Re: SUDP - encrypting UDP traffic

Post by klondike » 23 Mar 2011, 18:38

cologic wrote: [*]Use HMAC, not a raw hash function. See Wikipedia's HMAC design principles section's references for why - basically there are some trivial prefix/suffix attacks that don't depend on breaking the underlying hash function. There's a Google Tech Talk on this issue too - see 22:54 in Crypto Strikes Back.
[*]You seem to be looking for authenticated encryption, a reasonable goal. However, there are (see Wikipedia article) several authenticated encryption modes which avoid the insecurities in both MAC-then-encrypt and encrypt-then-MAC modes (you use the former) as documented by Authenticated encryption: Relations among notions and analysis of the generic composition paradigm (see table 2) and The order of encryption and authentication for protecting communications (or: How secure is SSL?) (which does admit that MAC-then-encrypt, though generally insecure, actually works in your specific case of using CBC).
Thanks for the clue, effectively the first goal was confidentiality (to attain ofuscation) and the second one authentication.
After some analysis SIV seems the best candidate to provide authenticated encryption, as it also provides some resistance in case nonces repeat (which can happen as the number of peers increases, see http://en.wikipedia.org/wiki/Birthday_problem).

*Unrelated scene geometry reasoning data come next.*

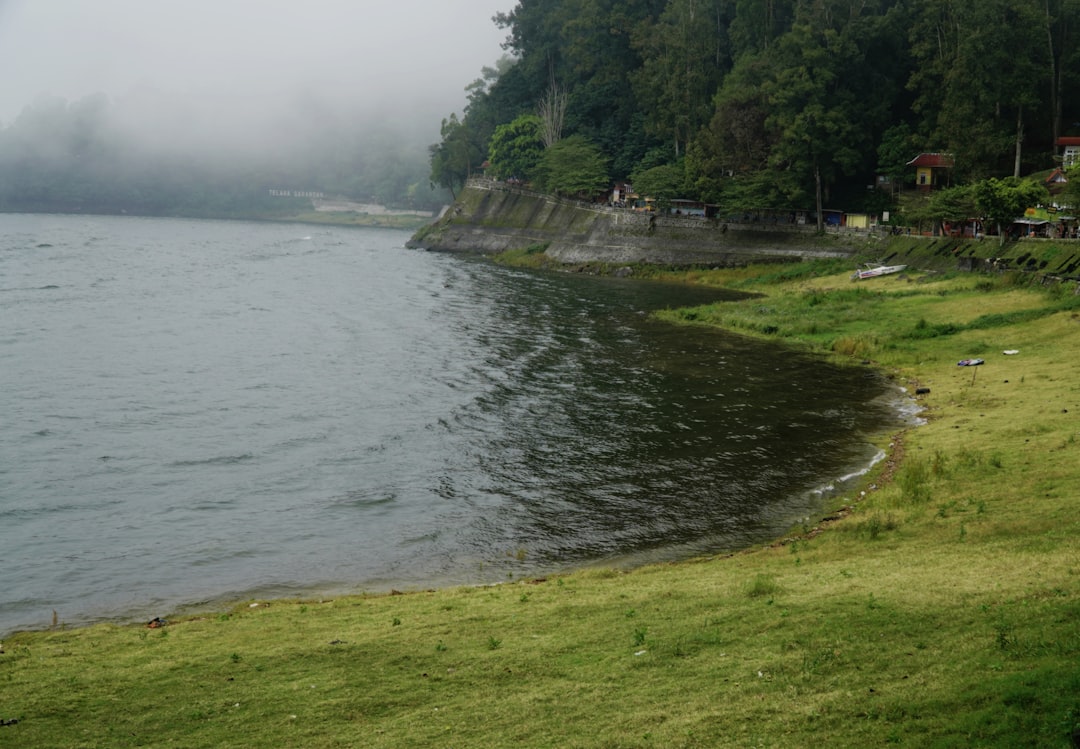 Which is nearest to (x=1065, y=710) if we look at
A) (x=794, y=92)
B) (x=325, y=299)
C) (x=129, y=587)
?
(x=129, y=587)

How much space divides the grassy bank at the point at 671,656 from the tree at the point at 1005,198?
52775 mm

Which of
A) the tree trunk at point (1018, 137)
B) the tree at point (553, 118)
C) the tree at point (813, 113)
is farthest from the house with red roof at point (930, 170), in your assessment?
the tree at point (553, 118)

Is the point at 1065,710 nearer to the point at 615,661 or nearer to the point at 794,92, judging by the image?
the point at 615,661

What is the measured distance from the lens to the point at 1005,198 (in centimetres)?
7250

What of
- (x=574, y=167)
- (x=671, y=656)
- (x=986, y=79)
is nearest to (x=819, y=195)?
(x=986, y=79)

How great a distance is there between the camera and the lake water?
2655cm

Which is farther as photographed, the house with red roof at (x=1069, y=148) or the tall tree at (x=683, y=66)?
the tall tree at (x=683, y=66)

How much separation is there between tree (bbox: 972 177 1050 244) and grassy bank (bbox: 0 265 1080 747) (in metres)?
52.8

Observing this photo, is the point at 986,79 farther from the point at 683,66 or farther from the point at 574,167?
the point at 574,167

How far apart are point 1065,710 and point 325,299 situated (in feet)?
273

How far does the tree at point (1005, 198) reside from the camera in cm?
7269

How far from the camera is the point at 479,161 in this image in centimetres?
18325

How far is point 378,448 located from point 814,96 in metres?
80.9

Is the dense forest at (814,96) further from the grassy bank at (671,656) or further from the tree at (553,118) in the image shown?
the grassy bank at (671,656) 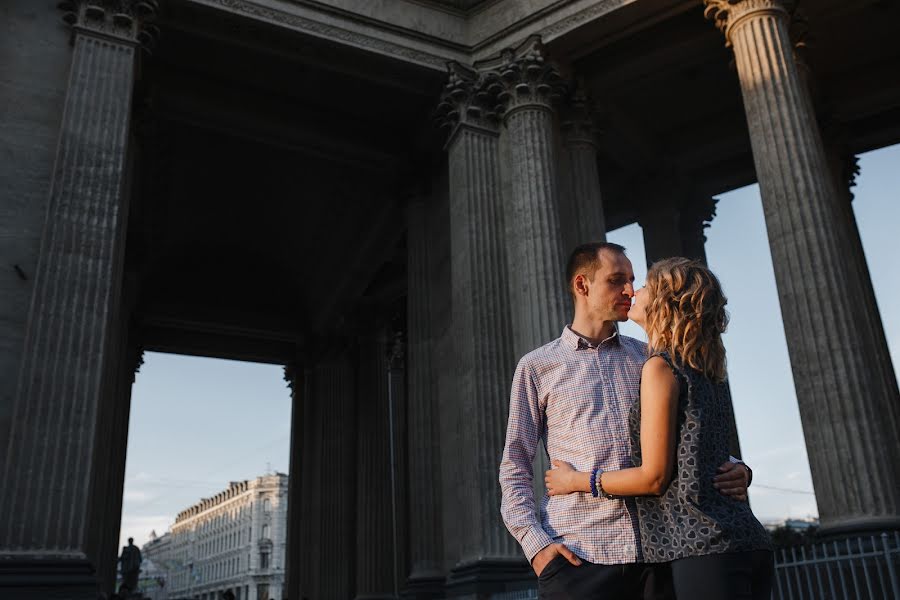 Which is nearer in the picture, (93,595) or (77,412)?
(93,595)

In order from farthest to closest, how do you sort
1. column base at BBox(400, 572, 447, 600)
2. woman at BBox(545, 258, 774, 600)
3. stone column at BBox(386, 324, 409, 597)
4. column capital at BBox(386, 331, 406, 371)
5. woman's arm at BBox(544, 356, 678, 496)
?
column capital at BBox(386, 331, 406, 371)
stone column at BBox(386, 324, 409, 597)
column base at BBox(400, 572, 447, 600)
woman's arm at BBox(544, 356, 678, 496)
woman at BBox(545, 258, 774, 600)

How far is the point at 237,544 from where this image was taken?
11225 centimetres

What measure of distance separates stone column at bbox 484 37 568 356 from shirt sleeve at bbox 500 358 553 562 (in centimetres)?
1106

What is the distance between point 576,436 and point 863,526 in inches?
361

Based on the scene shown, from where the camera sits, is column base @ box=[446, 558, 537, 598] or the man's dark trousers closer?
the man's dark trousers

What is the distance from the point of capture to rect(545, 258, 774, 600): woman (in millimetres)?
2641

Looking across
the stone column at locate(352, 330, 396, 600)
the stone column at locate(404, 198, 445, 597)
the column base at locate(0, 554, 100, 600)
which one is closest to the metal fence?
the stone column at locate(404, 198, 445, 597)

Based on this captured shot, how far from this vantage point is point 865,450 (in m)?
11.1

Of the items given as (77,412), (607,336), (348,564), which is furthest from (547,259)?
(348,564)

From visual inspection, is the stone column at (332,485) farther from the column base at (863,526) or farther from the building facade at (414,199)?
the column base at (863,526)

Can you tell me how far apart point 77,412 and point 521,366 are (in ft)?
33.9

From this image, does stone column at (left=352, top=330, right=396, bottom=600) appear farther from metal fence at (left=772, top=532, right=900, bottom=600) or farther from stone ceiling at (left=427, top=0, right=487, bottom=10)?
metal fence at (left=772, top=532, right=900, bottom=600)

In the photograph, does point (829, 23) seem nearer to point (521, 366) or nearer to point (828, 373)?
point (828, 373)

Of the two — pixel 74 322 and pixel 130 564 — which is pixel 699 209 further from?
pixel 130 564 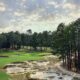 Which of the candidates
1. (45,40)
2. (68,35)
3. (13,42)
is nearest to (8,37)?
(13,42)

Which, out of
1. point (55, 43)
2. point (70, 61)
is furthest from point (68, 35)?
point (55, 43)

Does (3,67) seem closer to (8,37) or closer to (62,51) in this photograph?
(62,51)

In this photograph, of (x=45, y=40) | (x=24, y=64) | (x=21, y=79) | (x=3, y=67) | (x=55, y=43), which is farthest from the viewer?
(x=45, y=40)

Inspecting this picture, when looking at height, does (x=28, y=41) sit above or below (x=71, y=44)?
above

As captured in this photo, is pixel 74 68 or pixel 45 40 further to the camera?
pixel 45 40

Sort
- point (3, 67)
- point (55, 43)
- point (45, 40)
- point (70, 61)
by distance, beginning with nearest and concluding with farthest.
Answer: point (3, 67) → point (70, 61) → point (55, 43) → point (45, 40)

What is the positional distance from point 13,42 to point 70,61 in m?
112

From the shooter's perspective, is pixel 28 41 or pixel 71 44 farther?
pixel 28 41

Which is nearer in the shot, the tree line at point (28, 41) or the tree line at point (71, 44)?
the tree line at point (71, 44)

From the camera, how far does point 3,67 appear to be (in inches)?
2985

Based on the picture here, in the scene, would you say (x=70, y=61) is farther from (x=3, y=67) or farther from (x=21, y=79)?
(x=21, y=79)

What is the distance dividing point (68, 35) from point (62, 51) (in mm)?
7998

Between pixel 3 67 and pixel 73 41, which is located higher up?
pixel 73 41

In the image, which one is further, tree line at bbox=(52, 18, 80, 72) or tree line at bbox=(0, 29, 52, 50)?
tree line at bbox=(0, 29, 52, 50)
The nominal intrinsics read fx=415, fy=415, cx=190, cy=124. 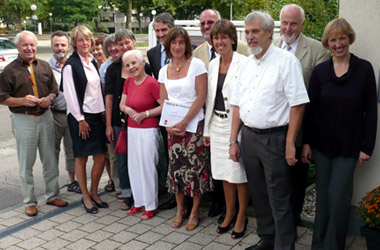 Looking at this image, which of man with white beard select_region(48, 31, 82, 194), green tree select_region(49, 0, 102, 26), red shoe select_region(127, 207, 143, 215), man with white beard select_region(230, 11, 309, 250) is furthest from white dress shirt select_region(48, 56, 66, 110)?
green tree select_region(49, 0, 102, 26)

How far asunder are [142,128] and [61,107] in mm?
1460

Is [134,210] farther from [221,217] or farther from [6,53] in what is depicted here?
[6,53]

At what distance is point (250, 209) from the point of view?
4848mm

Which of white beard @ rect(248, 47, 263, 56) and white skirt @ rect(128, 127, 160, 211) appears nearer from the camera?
white beard @ rect(248, 47, 263, 56)

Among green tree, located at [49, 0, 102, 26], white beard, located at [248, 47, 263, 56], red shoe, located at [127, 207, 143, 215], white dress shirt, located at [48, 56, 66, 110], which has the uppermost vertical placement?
green tree, located at [49, 0, 102, 26]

Here the authenticated data will be the IV and key identifier, the encrypted message will be the U message and the Key will be the preshared key. The hash is removed and the rest of assumptions (CBC and a random IV being used to encrypt the Key ID) will stay.
cologic wrote: [*]It's important to get the IV from a cryptographically secure RNG such as BN_rand().
Agreed, I will state that on the rewrite of the propossal.
cologic wrote: [*]NIST's Recommendation for Block Cipher Modes, appendix A (and the various other sources I could find), suggests that 0-padding is fine. For some specific crypto protocols it's very important to avoid (zero-padding, or more generally deterministic padding, was important in the recent PS3 break for example).
0 padding shouldn't be a problem as the receiver just can drop the padding bytes and check for the key. Anyway, usage of the full key identifier field length is encouraged unless there is a good reason not to do so.
cologic wrote: [*]PKCS#5 seem fine.
I think this will be dropable since the SIV specification states that arbitrary length messages can be used (need to verify that though).
cologic wrote: [*]The general design looks okay - the random IV reduces the (mostly unavoidable, but...) risk of reusing a secret encryption key across so many messages.
Disclaimer: crypto is more subtle than I understand, so I probably missed a lot here.
The random IV is meant mainly to ensure packages look different since the encryption key and the keyid will be shared between all the people answering the message.

As a side note:
* The siv specification specifies two keys, K1 an authentication key and K2 an encryption one, K2 MUST be sent with the request generating the answer but K1 may be negotiated between the peers to ensure the sender is whom it says to be and not another peer on the same hub (similar to signatures but without non repudiability).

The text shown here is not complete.